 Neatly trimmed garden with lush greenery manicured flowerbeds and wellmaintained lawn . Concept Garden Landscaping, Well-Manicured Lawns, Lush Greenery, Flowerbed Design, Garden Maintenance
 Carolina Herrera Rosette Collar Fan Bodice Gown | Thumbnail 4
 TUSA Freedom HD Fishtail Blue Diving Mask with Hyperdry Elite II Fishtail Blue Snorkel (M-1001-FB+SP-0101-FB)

□ □ □ □

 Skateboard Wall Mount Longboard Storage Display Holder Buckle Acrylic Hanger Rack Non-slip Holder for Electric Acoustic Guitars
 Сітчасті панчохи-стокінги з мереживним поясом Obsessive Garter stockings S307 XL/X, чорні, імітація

□ □ □ □

Of all the entries above, output exactly the lines between the one holding "Skateboard Wall Mount" and the one holding "Сітчасті панчохи-стокінги з", inclusive.

### Your response
 Skateboard Wall Mount Longboard Storage Display Holder Buckle Acrylic Hanger Rack Non-slip Holder for Electric Acoustic Guitars
 Сітчасті панчохи-стокінги з мереживним поясом Obsessive Garter stockings S307 XL/X, чорні, імітація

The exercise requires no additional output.